The sections are divided by comments (they contain \texttt{----}, so just
search for them). Please do not just remove code for reading obsolete entries, 
but always add an appropriate entry to the 'skipping' section in order to
prevent error messages when reading old configs.

\paragraph{Writing configuration}
Global configuration is written using the
\sym{MusEGui::MusE::writeGlobalConfiguration()} functions, while
per-song-config is written by \sym{MusEGui::MusE::writeConfiguration()}
(notice the missing \sym{Global}; both implemented in \file{conf.cpp}).

\sym{writeConfiguration} is actually just a subset of the code in
\sym{writeGlobalConfiguration}. \textbf{Duplicate code!}                  % TODO fix that in the sourcecode.

\paragraph{Song state}
Additionally to per-song configuration, there is the song's state.
This contains "the song", that is all tracks, parts and note events,
together with information about the currently opened windows, their
position, size, settings and so on.

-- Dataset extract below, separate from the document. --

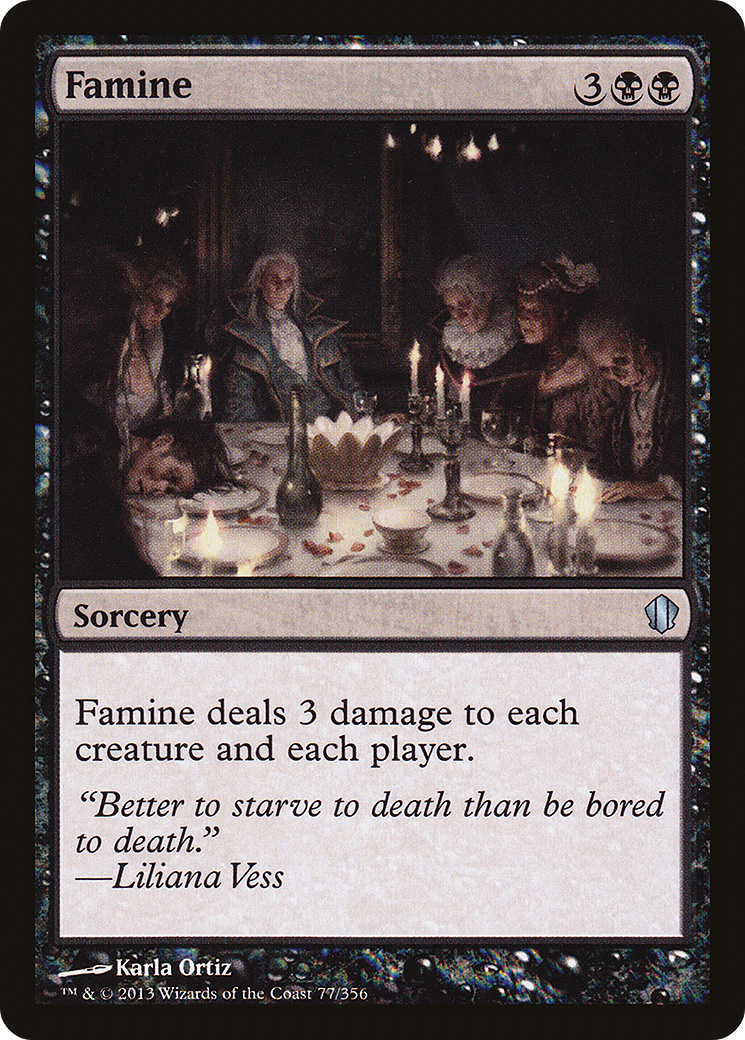 Famine (C13-077) [Commander 2013] MTG Single Wizards of the Coast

Adding new items here is actually
pretty painless: Configuration is read and written using
\sym{MusECore::Song::read} and \sym{::write}, both implemented in
\file{songfile.cpp}. There are no caveats.

\paragraph{How to add new items}
When adding global configuration items, then add them into the second
block ("global configuration") in \sym{readConfiguration} and into
\sym{writeGlobalConfiguration}.

When adding just-per-song items, better don't bother to touch the
"configuration" code and just add it to the song's state (there might
be rare exceptions).

When adding global configuration items, make sure you add them into the
correct section of \sym{readConfiguration}, and into \sym{writeGlobalConfiguration}.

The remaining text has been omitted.